I'm new to all this stuff so bear with me...

I'm given $\displaystyle y =2x(8x+6)$

I need to find $\displaystyle y'$

So i do it...

$\displaystyle \frac {dx}{dy} = u\frac{dv}{dx} + v\frac {du}{dx}$

$\displaystyle 2x.\frac{d(8x+6)}{dx} + (8x+6).\frac {d2x}{dx}$

$\displaystyle 16x+12 + 16x +12$

$\displaystyle 32x +24$

But when I check on my calculator it says $\displaystyle 32x+12$

2. Originally Posted by jgv115
I'm new to all this stuff so bear with me...
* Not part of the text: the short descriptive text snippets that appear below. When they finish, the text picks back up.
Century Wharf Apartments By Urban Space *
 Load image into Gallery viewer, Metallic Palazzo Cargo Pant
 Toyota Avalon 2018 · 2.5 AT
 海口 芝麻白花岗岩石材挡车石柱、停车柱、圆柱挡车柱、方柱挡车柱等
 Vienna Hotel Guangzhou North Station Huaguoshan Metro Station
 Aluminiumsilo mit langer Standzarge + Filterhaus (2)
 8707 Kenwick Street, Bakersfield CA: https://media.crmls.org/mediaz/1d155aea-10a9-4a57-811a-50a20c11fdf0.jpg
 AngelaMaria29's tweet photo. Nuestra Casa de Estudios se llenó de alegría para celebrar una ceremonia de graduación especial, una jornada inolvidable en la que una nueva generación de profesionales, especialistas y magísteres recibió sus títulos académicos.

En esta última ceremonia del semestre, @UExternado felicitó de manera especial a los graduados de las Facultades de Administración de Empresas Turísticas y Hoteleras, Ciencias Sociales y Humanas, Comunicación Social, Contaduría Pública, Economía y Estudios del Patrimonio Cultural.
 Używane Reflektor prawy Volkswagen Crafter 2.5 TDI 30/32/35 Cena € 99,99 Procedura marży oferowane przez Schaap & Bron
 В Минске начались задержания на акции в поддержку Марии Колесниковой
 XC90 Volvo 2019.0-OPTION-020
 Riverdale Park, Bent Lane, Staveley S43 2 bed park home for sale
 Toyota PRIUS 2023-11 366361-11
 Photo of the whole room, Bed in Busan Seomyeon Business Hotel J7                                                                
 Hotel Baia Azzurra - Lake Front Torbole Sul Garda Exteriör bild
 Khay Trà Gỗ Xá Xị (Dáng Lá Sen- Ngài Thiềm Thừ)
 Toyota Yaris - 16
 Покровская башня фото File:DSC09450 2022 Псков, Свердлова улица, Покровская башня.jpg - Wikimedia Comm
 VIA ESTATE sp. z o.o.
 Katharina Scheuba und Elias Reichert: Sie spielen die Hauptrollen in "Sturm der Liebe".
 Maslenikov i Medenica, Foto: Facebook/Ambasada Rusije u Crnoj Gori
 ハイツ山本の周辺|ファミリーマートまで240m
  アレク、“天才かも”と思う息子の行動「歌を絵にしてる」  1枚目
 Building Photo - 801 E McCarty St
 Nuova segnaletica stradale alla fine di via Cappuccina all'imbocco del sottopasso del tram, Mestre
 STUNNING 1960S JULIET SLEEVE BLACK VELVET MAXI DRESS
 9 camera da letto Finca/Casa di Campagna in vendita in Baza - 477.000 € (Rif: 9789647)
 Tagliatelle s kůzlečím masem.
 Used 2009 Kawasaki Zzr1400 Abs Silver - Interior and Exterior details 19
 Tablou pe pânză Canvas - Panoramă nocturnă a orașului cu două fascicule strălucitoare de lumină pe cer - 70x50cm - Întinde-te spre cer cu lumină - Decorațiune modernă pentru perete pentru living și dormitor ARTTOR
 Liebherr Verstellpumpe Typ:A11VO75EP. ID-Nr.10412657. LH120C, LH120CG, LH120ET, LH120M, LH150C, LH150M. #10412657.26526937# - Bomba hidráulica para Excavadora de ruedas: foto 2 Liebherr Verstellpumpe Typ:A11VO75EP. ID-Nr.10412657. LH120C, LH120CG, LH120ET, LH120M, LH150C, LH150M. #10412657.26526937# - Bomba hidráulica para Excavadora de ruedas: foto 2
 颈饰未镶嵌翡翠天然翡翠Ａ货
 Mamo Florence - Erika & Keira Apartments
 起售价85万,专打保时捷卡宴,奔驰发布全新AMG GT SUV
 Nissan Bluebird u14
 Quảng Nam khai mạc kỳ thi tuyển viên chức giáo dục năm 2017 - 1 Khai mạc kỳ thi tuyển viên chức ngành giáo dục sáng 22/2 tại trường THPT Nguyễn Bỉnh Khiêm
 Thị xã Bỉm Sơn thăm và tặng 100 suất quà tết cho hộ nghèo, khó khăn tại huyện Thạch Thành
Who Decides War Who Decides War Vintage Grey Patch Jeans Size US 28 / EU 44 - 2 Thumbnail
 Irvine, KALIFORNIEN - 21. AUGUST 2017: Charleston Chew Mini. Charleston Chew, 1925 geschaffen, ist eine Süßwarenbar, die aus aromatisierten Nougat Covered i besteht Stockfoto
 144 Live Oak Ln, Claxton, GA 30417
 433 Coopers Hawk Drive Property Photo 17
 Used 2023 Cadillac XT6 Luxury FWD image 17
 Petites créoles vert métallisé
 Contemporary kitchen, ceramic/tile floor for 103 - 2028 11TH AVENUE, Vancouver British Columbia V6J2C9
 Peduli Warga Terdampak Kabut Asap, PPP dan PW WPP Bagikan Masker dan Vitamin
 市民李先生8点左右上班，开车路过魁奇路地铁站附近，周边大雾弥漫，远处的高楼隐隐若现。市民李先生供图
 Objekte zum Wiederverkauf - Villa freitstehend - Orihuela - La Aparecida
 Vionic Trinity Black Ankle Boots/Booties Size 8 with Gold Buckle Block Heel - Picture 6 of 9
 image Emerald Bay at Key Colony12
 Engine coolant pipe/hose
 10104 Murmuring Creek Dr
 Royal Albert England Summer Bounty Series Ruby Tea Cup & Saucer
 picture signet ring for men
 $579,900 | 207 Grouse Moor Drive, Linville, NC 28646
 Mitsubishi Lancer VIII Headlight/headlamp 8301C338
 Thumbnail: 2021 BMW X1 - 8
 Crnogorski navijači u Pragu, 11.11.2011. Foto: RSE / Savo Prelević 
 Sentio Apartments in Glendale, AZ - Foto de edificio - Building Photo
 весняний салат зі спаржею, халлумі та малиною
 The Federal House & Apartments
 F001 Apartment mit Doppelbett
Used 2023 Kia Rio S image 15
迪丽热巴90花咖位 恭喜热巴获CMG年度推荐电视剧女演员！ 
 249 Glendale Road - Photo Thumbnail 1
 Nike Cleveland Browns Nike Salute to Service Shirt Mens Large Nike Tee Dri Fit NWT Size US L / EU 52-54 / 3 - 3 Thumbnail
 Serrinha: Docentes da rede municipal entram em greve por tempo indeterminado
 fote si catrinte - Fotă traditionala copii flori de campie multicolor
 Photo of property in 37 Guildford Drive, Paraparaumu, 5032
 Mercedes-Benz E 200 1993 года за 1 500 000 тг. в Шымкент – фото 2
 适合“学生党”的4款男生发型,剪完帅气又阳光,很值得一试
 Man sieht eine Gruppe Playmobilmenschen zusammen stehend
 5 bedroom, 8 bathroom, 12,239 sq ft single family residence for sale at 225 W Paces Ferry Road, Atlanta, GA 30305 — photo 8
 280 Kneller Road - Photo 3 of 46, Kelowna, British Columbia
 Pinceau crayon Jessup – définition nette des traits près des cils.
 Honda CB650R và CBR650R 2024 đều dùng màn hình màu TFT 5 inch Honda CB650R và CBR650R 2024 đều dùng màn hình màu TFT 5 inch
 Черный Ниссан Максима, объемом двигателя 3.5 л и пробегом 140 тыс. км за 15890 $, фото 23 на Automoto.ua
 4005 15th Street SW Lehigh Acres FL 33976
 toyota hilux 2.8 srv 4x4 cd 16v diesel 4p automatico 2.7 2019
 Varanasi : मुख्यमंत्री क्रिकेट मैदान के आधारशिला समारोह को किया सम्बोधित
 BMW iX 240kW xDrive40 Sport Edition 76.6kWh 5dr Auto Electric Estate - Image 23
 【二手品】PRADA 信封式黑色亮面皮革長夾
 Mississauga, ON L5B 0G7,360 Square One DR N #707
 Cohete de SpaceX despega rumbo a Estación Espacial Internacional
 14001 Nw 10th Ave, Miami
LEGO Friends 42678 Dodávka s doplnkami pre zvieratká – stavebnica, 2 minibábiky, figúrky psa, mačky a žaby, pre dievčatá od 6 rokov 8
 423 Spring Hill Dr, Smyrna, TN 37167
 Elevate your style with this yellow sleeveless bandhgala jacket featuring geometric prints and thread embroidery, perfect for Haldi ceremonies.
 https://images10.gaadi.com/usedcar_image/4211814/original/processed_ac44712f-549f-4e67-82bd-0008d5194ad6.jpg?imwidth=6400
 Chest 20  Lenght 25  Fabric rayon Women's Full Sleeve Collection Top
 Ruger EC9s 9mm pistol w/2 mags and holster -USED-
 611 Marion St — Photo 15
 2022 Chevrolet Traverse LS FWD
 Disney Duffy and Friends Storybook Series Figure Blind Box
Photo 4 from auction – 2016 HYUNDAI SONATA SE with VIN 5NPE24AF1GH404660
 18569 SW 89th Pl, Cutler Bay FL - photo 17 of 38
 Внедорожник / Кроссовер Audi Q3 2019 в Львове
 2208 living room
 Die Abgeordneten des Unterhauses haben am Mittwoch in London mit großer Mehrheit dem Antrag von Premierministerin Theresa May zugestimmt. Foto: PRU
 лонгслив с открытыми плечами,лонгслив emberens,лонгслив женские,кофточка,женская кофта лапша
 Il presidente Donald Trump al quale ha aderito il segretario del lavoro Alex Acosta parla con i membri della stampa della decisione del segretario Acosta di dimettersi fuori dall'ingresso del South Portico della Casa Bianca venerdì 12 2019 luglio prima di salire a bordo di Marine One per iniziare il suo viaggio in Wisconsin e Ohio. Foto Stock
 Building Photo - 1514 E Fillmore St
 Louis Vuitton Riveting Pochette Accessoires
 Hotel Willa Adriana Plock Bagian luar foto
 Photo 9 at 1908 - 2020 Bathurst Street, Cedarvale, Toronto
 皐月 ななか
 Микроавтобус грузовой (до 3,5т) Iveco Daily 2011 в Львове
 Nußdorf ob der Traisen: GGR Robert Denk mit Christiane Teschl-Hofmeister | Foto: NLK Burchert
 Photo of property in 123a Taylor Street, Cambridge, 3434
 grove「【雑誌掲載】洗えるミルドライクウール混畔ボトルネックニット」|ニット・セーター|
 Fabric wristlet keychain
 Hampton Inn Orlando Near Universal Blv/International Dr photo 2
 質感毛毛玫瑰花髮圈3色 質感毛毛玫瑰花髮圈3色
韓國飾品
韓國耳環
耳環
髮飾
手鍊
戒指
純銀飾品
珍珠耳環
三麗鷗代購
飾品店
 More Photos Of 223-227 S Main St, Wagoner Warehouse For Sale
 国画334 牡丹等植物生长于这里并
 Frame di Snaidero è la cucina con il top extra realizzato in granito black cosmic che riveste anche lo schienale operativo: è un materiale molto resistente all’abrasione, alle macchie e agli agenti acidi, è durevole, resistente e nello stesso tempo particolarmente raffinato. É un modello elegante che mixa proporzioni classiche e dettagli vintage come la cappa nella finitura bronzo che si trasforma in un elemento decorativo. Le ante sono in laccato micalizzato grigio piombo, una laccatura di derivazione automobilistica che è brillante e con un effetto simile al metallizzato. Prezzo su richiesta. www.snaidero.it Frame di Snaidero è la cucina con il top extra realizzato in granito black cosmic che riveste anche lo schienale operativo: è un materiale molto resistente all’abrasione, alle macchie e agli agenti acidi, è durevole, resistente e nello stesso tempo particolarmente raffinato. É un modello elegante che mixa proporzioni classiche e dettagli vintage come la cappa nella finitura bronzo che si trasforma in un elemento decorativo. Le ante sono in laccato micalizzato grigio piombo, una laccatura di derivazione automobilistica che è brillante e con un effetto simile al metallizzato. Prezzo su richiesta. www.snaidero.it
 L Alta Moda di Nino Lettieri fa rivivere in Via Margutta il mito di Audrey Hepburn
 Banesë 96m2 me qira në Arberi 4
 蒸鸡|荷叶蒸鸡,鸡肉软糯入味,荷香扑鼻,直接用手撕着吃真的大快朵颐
I'm given $\displaystyle y =2x(8x+6)$

I need to find $\displaystyle y'$

So i do it...

$\displaystyle \frac {dx}{dy} = u\frac{dv}{dx} + v\frac {du}{dx}$

$\displaystyle 2x.\frac{d(8x+6)}{dx} + (8x+6).\frac {d2x}{dx}$

$\displaystyle 16x+12 + 16x +12$

$\displaystyle 32x +24$

But when I check on my calculator it says $\displaystyle 32x+12$

$\displaystyle y = 2x(8x+6)$.

$\displaystyle \frac{dy}{dx} = u\,\frac{dv}{dx} + v\,\frac{du}{dx}$

$\displaystyle = 2x(8) + (8x + 6)(2)$

$\displaystyle = 16x + 16x + 12$

$\displaystyle = 32x + 12$.

3. Hey that's exactly what my book says! But I always get different.

$\displaystyle = 2x(8) + (8x + 6)(2)$

I don't understand how you get $\displaystyle 2x(8)$

How can $\displaystyle \frac{d(8x+6)}{dx}$ become 8?

4. Originally Posted by jgv115
Hey that's exactly what my book says! But I always get different.

$\displaystyle = 2x(8) + (8x + 6)(2)$

I don't understand how you get $\displaystyle 2x(8)$

How can $\displaystyle \frac{d(8x+6)}{dx}$ become 8?
The derivative of $\displaystyle 8x$ is $\displaystyle 8$ and the derivative of $\displaystyle 6$ is $\displaystyle 0$.

So the derivative of $\displaystyle 8x + 6$ is $\displaystyle 8 + 0 = 8$.

5. oohh!!!!!!!! Thanks so much!!!!!!!

If I have $\displaystyle \frac {d(7x+6)}{dx}$

Then would it be $\displaystyle 7$??

6. Originally Posted by jgv115
oohh!!!!!!!! Thanks so much!!!!!!!

If I have $\displaystyle \frac {d(7x+6)}{dx}$

Then would it be $\displaystyle 7$??
Correct.

7. Thanks Prove It!! I appreciate the help!